Mark Griffiths, un botánico inglés, acaba de entregarle al mundo un descubrimiento que estuvo puliendo en secreto por más de cinco años: el del verdadero rostro del escritor William Shakespeare, camuflado en la portada de un libro de finales del siglo XVI, el Herbario o Historia general de las plantas, de John Gerard. Ahí, cogido de una mazorca, con toga romana, se supone que está el único ‘retrato’ en vida del inmenso poeta.
El profesor Griffiths lo dedujo luego de descifrar un código secreto que él supone que está oculto en ese libro. Como si la figura de Shakespeare fuera allí un acertijo y una ecuación matemática, como si su nombre y su cara hubieran estado en la sombra para que alguien por fin los develara. “Es el descubrimiento literario del siglo”, ha dicho el editor de Griffiths, quien a su vez ha sido enfático: “Esto es álgebra, esto es Shakespeare”.
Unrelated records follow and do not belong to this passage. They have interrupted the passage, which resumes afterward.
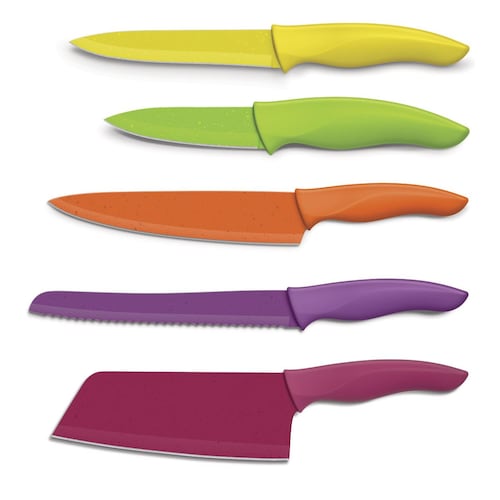Set de Cuchillos de Cocina Jadecook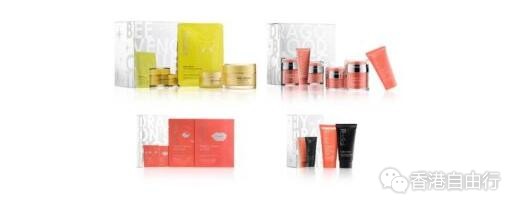 香港购物：Rodial 2017圣诞冬日限量套装（附价）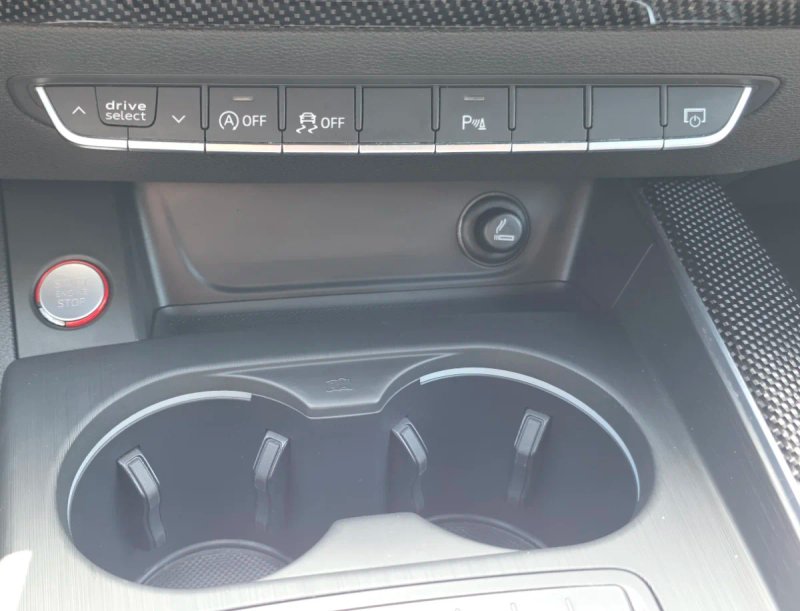 Audi S4 2017, foto 13
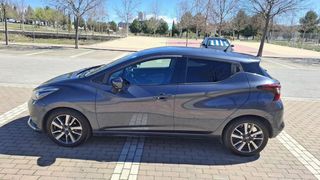 Nissan Micra 2017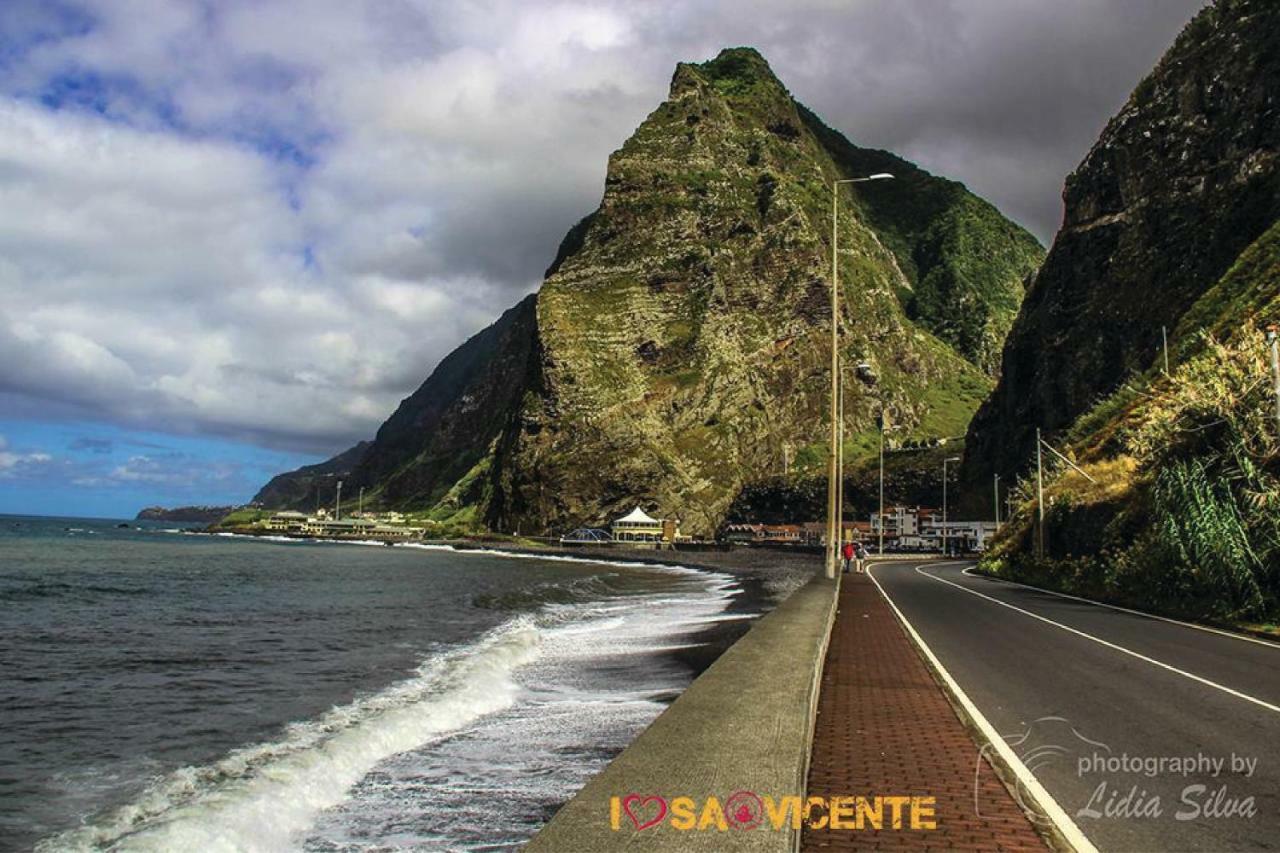 Pereira Place São Vicente Buitenkant foto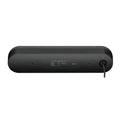 Sistema de altavoces Logitech Rally montaje en pared color negro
Todos los medios del mundo, aun la BBC, han dado la noticia como si fuera cierta, y algún periódico inglés la tituló como si fuera ya la novela de intrigas que está por venir, con su respectivo documental en el Discovery Channel: “El rostro de Shakespeare y el Código Tudor”. Los argumentos del profesor Griffiths no son menos delirantes ni menos truculentos, y la verdad es que con ellos uno podría asegurar que ese pobre romano que sale allí es Shakespeare, sí, pero también cualquier otro.
Casi como si fuera ese retrato hablado del ladrón boliviano que se ha hecho tan famoso en internet, Shakespeare sale con ojos, nariz y boca. Sí. Y tiene el pelo corto y un bigote ralo que parecería no ser suyo. Los expertos han dicho que ese no es Shakespeare; y esta vez puede que tengan la razón. ¿Por qué? Porque es imposible, dicen, que el bardo hubiera ayudado a Gerard en su libro y no se supiera ya. Porque las conjeturas de Griffiths son tan forzadas que indignarían al mismísimo Dan Brown.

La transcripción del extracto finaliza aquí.